Konya Trips : Konya, historically Iconium, city, central Turkey. The city lies at an elevation of about 3,370 feet (1,027 metres) on the southwest edge of the central Anatolian Plateau and is surrounded by a narrow fertile plain. It is backed by Bozkır Mountain on the west and enclosed by the interior edges of the central ranges of the Taurus Mountains farther south. Pop. (2000) 742,690; (2013 est.) 1,107,886. (2019) 2,206,000
A more traditional town than many, Konya is famous as being the burial place of Rumi, the esteemed Islamic poet and philosopher and founder of the Mevlevi Order, otherwise known as the Order of the Whirling Dervishes. Since ancient times local people have been respecting the traditions of their predecessors, so this place can be distinguished by unique mild atmosphere that covers guests of Konya with warmth and coziness. The city has been always considered the center of religion and culture. Even today, Konya is the most religiously conservative city in Turkey.

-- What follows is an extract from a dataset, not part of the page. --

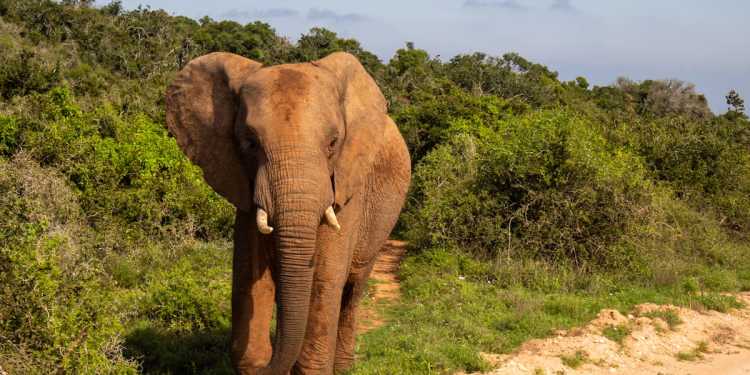 Kiwi tourist Alison Taylor killed by elephant in Zambia was ‘amazing’ woman Kiwi tourist Alison Taylor killed by elephant in Zambia was ‘amazing’ woman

Archaeology shows that the Konya area is one of the most ancient settlements of Anatolia. The results of excavations in Catalhöyük, Karahöyük, Cukurkent and Kucukoy show the region was inhabited as far back as the Neolithic Period (Late Stone Age) of 7000 BC. Other settlers of the city before Islam were; the Calcolitic Period (Copper Age) civilizations, Bronze Age civilizations, the Hittites, the Frigians, the Lydians, the Persians, the Romans and then Byzantines.
Konya is also an important place for early Christians because St. Paul and St. Barnabas came to the city on one of their journeys in Asia Minor around 50 AD. St. Paul preached in Konya but they angered both Jews and Gentiles so they had to leave the city and went to Derbe and Lystra.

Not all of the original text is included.